Embun pagi menghiasi rumput dan pohon pekarangan ketika Ruri mengunci pintu. Ia duduk di teras tiga puluh menit sebelum waktu yang disebutkan Hiroaki. Sesekali, ia memeriksa penampilannya di kaca jendela yang gelap.
Waktu seolah berlangsung selamanya, ketika Ruri mendengar deru mobil mendekat. Sedan hitam yang menjadi kebanggaan Tórus itu berhenti di depan rumahnya. Tidak di seberang seperti kemarin malam. Ruri melirik jam tangan. Untung saja ia sudah siap. Ternyata Hiroaki datang sepuluh menit sebelum jam enam.
Ruri bangkit dan membuka pagar. Hiroaki turun dari mobil sambil membawa sebuah tas kertas.
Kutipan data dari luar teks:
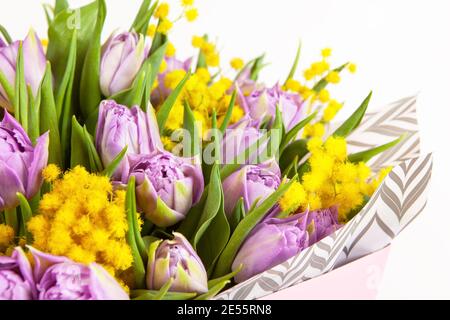 Bouquet von lila Tulpen und gelben Mimosen in rosa Box auf weißem Hintergrund, Nahaufnahme, Seitenansicht. 8. März, 14. Februar, Geburtstag, Valentinstag, Mutter, Stockfoto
Aroma kopi bercampur vanili langsung menerjang penciuman Ruri ketika lelaki itu menggangguk permisi sambil melewatinya. Ternyata wangi itu bukan berasal dari pengharum ruangan.
Setelah nadinya berdenyut lima kali, Ruri baru bergerak mengikuti Hiroaki. Lelaki itu sedang memindahkan dua pasang sepatu dari tas ke rak di teras.
"Untuk apa itu, Pak?" tanya Ruri dengan alis bertaut. Sepatu-sepatu itu tampak mengilap. Kontras dengan sepatu lusuh milih Ruri. Tidak mungkin juga Hiroaki menghadiahinya sepatu pria.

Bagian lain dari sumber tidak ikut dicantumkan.